Мне поставили стол рядом со столом Андрюшина. Мой вчерашний проводник был уже на своём месте и радостно улыбался мне навстречу.
— А передовая-то, — подмигнул он мне, — вчера прошла без единой поправочки. Здорово!
Он, видимо, умел замечательно радоваться за других.
— Сумел подобрать материал, вот и получилось, — сказал я Андрюшину, переходя на «ты». — Написать — это дело техники, навыка. Скажи-ка, где мне посмотреть подборку, которая идёт в завтрашний номер?
— У секретаря, — быстро ответил Андрюшин. — Я сейчас принесу.
Он выбежал из комнаты и через минуту вернулся с подборкой. Я стал читать. Материалы были действительно интересными.
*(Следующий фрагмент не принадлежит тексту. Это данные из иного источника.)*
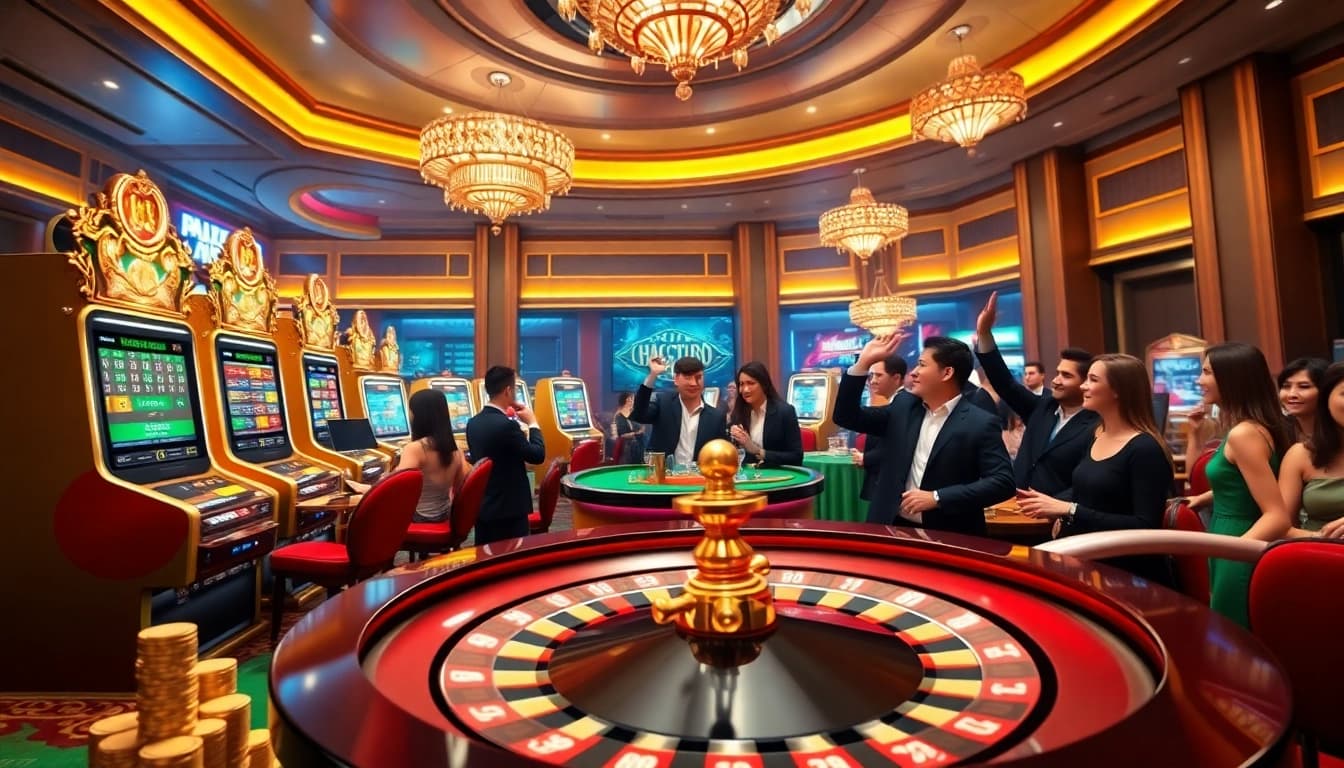 Engaging with Ưu đãi thành viên 6FF in a luxurious casino setting, featuring vibrant slot machines and eager players.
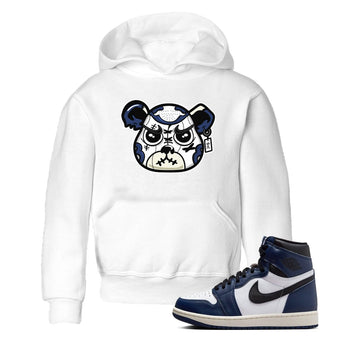 1s Midnight Navy shirts to match jordans Sneaker Bear Face sneaker match tees Air Jordan 1 Midnight Navy match shoes to clothes SNRT Sneaker Tees Youth Baby White 1 tee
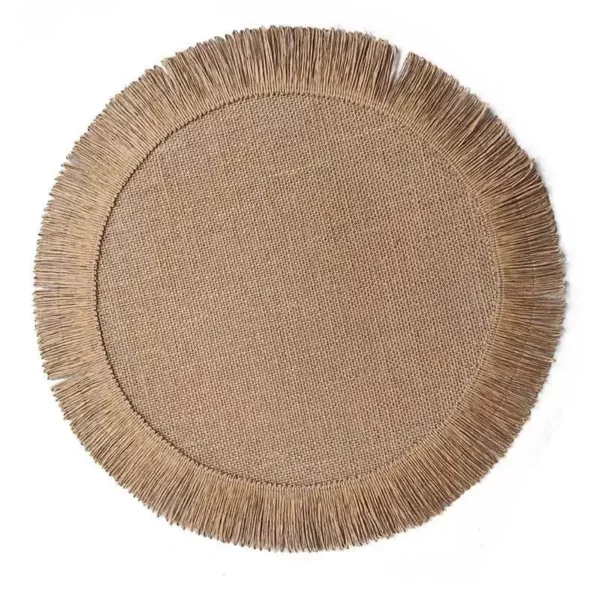 Eco-Friendly Linen Round Placemat with Fringe – Heat Resistant, Non-Slip Kitchen Table Mat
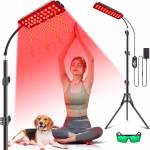 Red Light Therapy Lamp with Stand, RXCOFISLE Infrared Light Therapy Lamp for Body Pain Relief 660nm Red Light & 850nm Infrared Light Device (Single Panel)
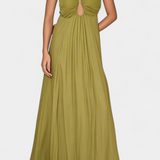 Elettra Vestido Maxi de Tirantes Finos y Drapeado Fluido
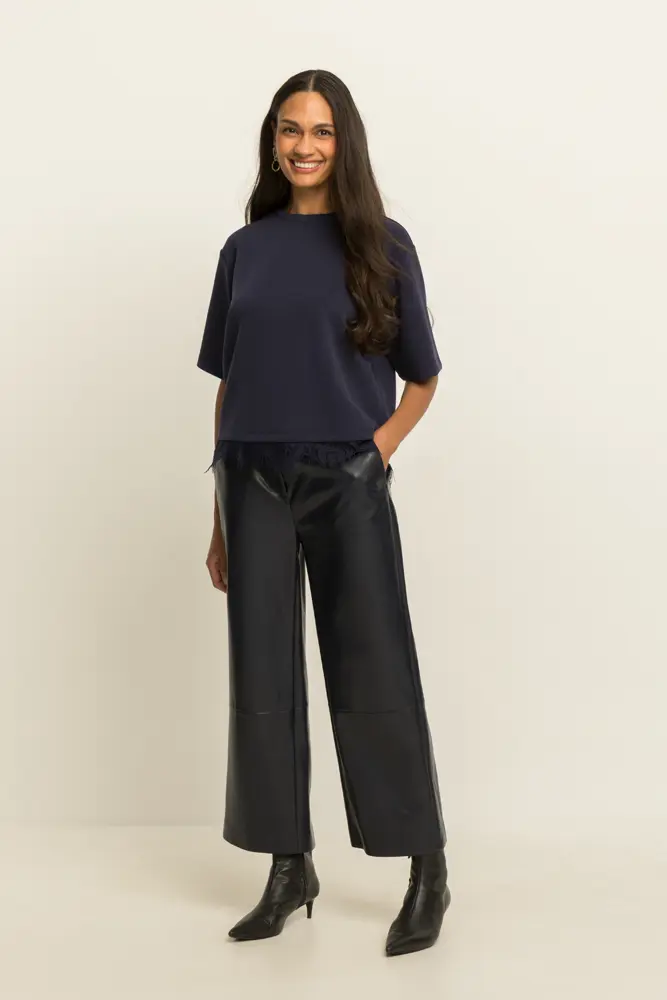 Leatherlook pantalon met wijde pijp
Бывшие фронтовики-офицеры — командиры рот, батальонов, взводов — и рядовые солдаты, ныне рабочие, бригадиры, мастера и начальники цехов, рассказывали о своей мирной, созидательной работе. Мне бросилось в глаза, что при всей значительности материал бесспорно выиграл бы, если бы был подан в менее однообразной форме.
«Надо так суметь написать подвал, — подумал я, — чтобы оживились и эти однообразные материалы».
Через час подвал был готов. Я перечитал его. Получилось как будто неплохо. Я отнёс рукопись на машинку.
…Странное, давно забытое чувство с каждым днём все больше и больше охватывало меня.
У каждого человека есть старые впечатления, мирно спящие под напластованиями последующих лет. И когда что-либо снова вызывает их к жизни, с ними вместе возвращается юность. Она на какой-то — иногда очень-очень короткий срок — разглаживает на лице морщины, заставляет сердце биться сильнее…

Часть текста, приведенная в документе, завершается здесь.